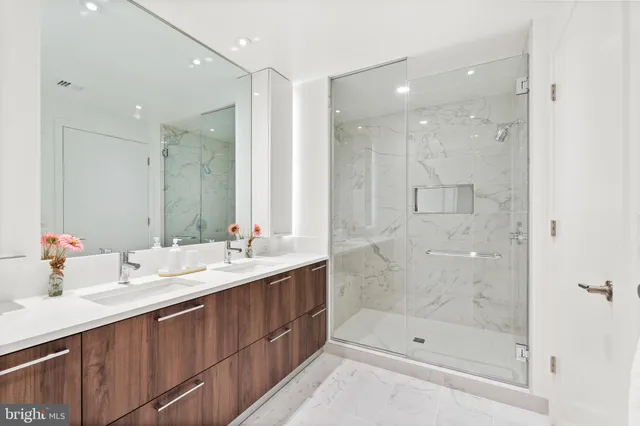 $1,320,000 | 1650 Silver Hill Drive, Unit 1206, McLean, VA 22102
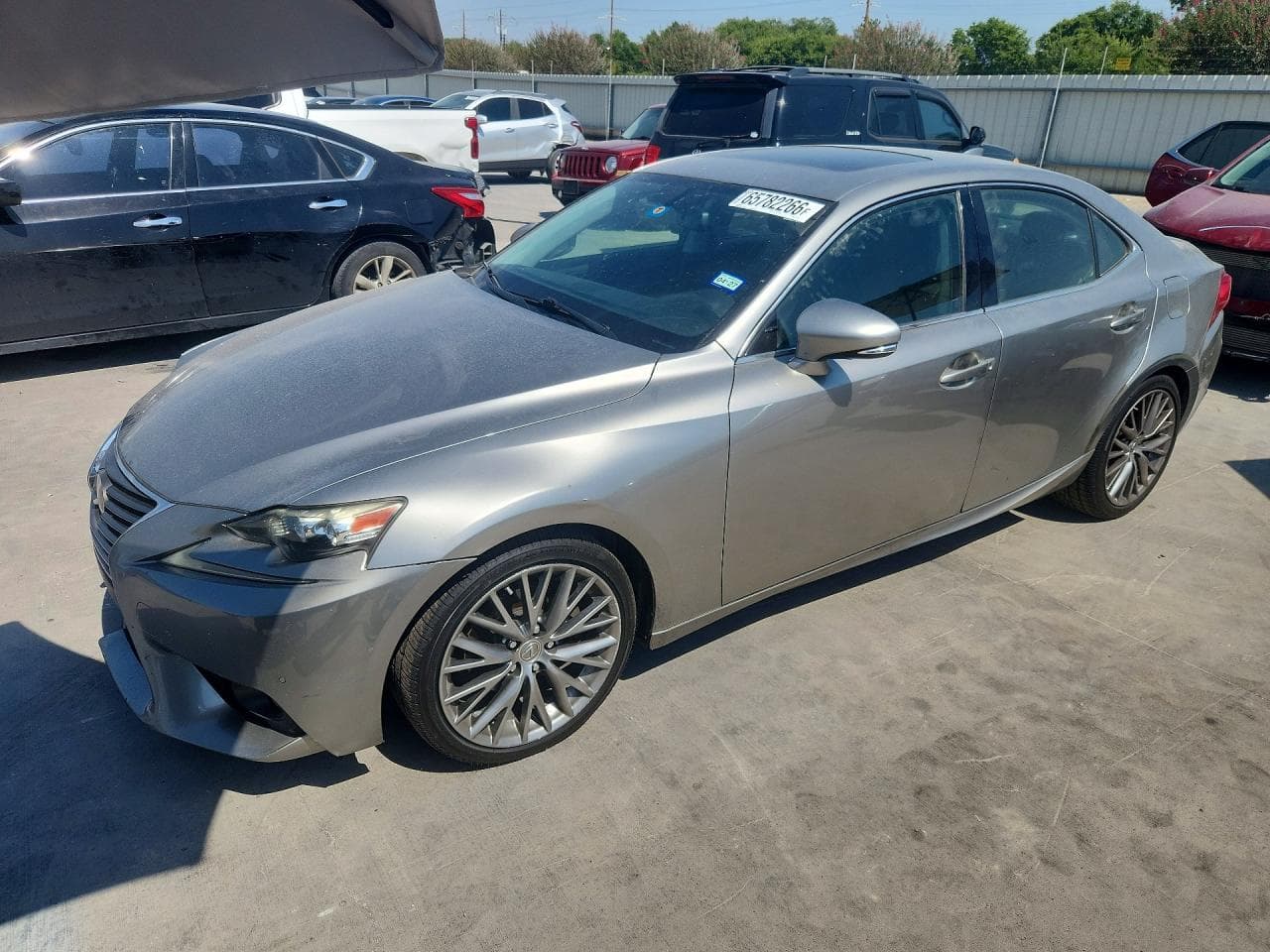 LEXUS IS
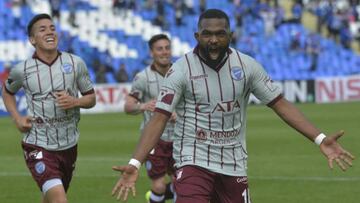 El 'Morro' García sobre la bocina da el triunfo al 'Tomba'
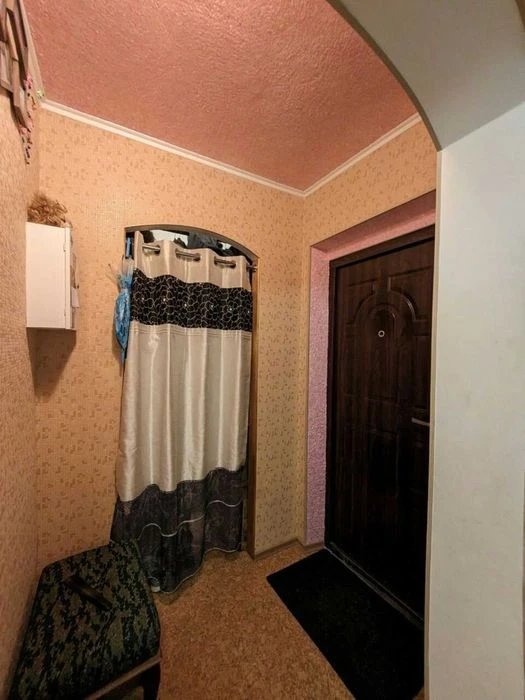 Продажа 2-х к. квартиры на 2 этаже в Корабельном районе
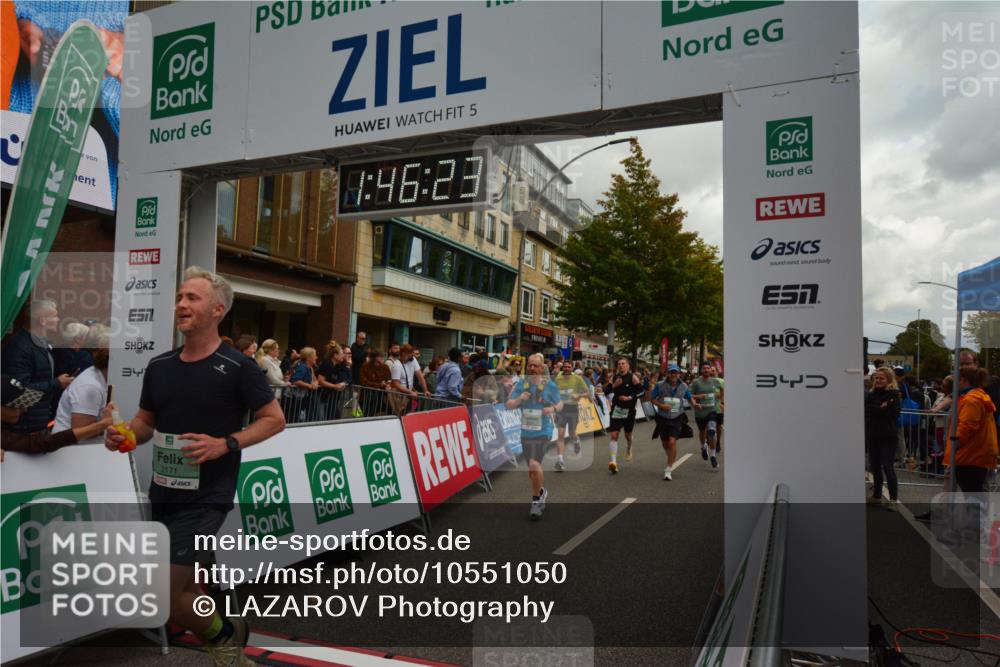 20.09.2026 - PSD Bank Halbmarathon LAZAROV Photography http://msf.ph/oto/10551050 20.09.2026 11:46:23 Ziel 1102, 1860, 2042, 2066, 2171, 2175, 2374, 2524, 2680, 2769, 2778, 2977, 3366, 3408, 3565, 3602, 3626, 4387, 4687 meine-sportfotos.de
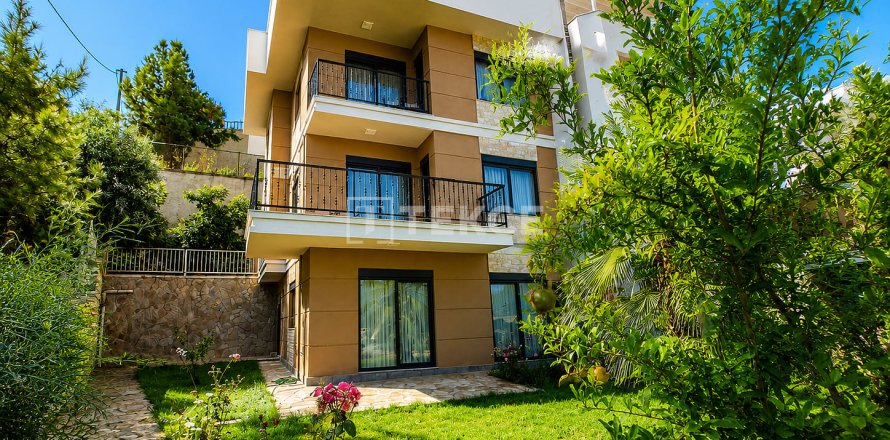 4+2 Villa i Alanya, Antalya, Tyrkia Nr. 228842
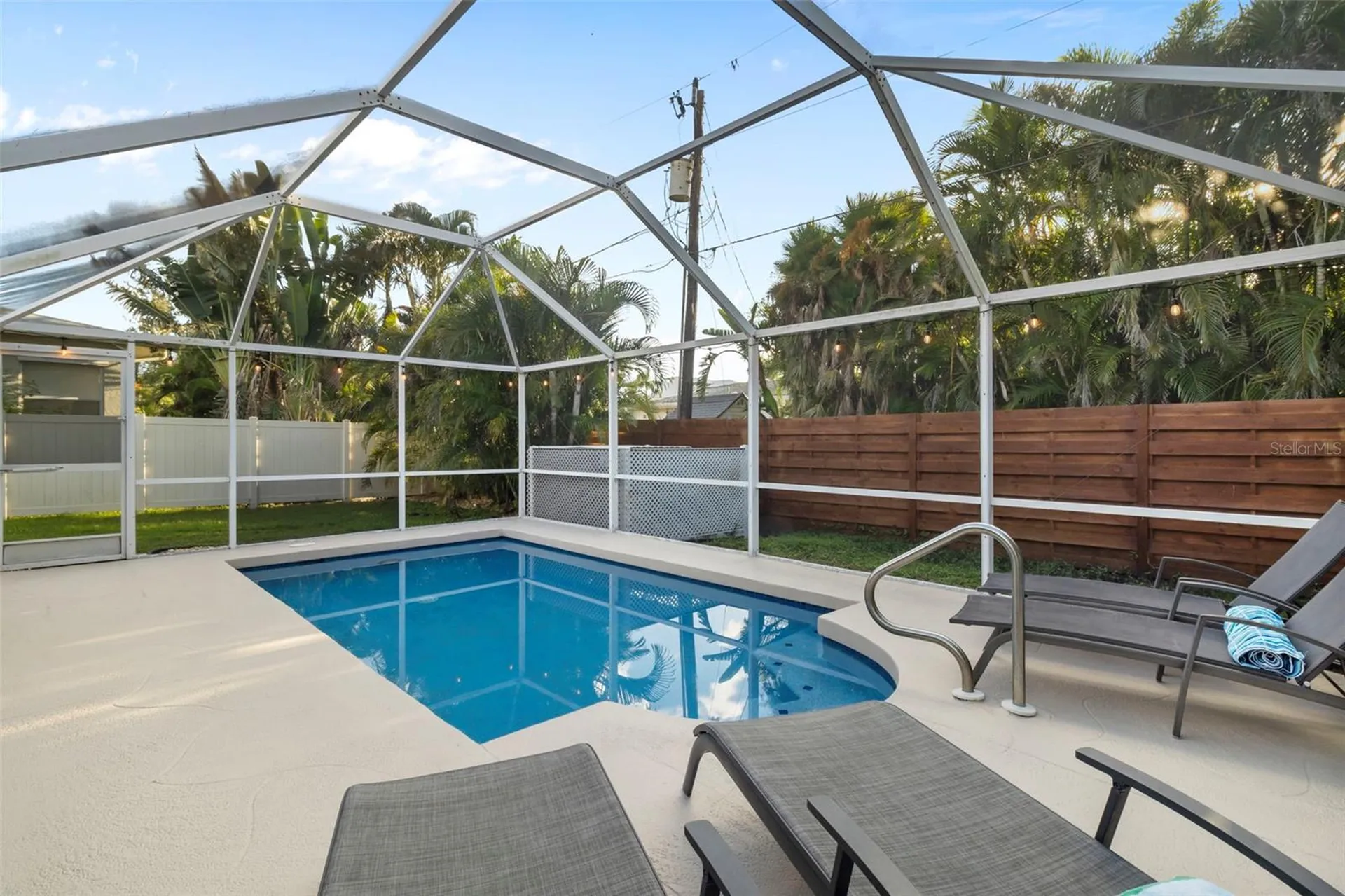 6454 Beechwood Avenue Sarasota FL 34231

++++++++

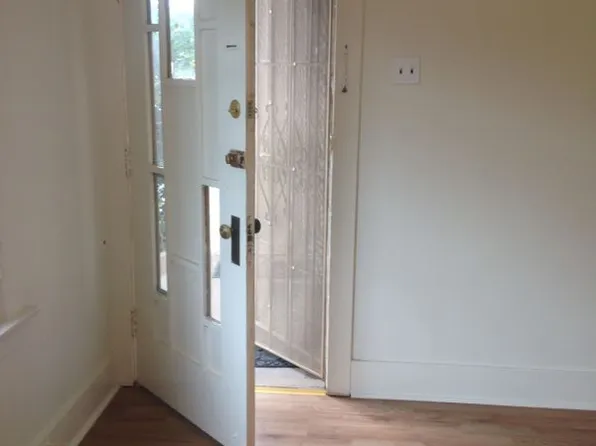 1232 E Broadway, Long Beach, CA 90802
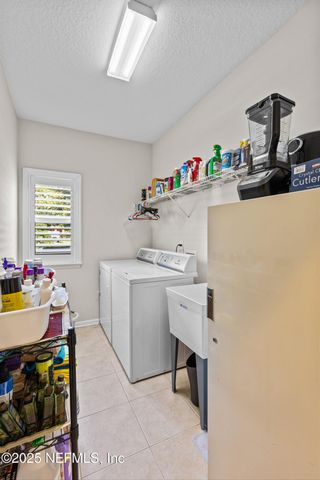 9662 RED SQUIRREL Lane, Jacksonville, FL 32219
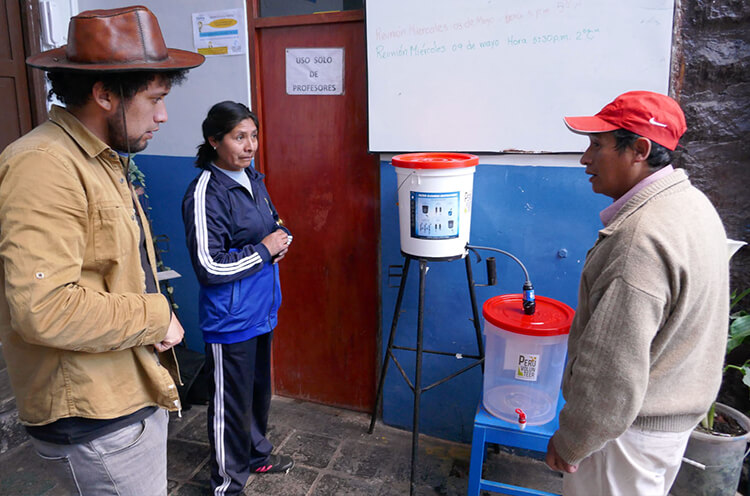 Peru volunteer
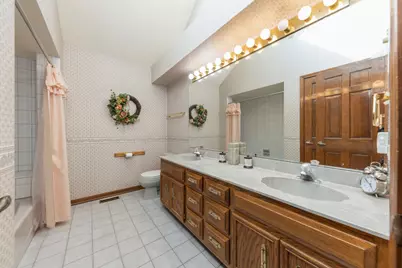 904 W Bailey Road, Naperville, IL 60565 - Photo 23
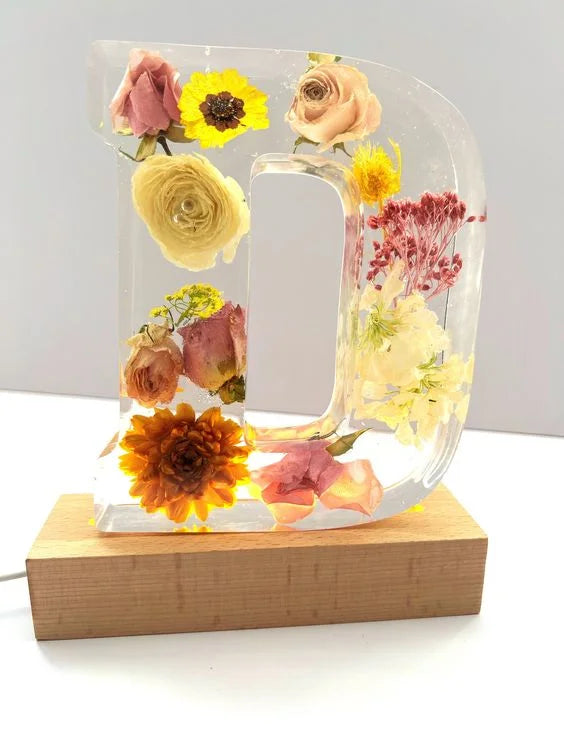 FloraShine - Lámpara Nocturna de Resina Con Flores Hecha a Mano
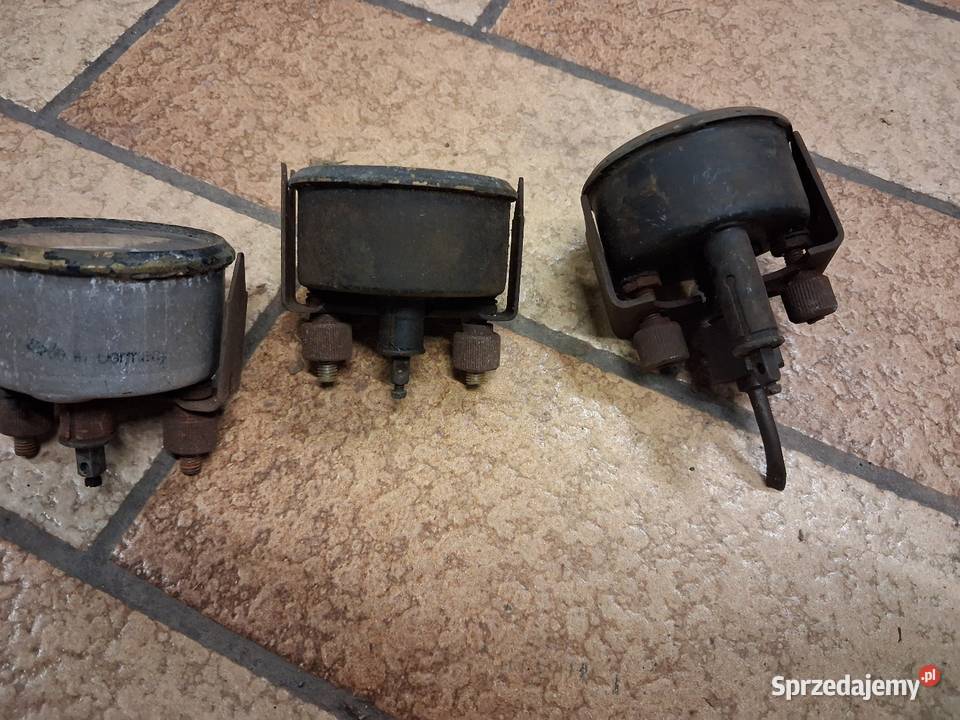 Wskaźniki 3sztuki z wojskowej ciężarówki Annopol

++++++++

• [INSTRUCTIONS FOR THE TASK]: Only one stretch of the entries above is needed: the lines from the one containing "1232 E Broadway, Long Beach, CA 90802" through the one containing "Wskaźniki 3sztuki z". Copy it exactly, without the pictures.

• [SOLUTION TO THIS EXERCISE]:
 1232 E Broadway, Long Beach, CA 90802
 9662 RED SQUIRREL Lane, Jacksonville, FL 32219
 Peru volunteer
 904 W Bailey Road, Naperville, IL 60565 - Photo 23
 FloraShine - Lámpara Nocturna de Resina Con Flores Hecha a Mano
 Wskaźniki 3sztuki z wojskowej ciężarówki Annopol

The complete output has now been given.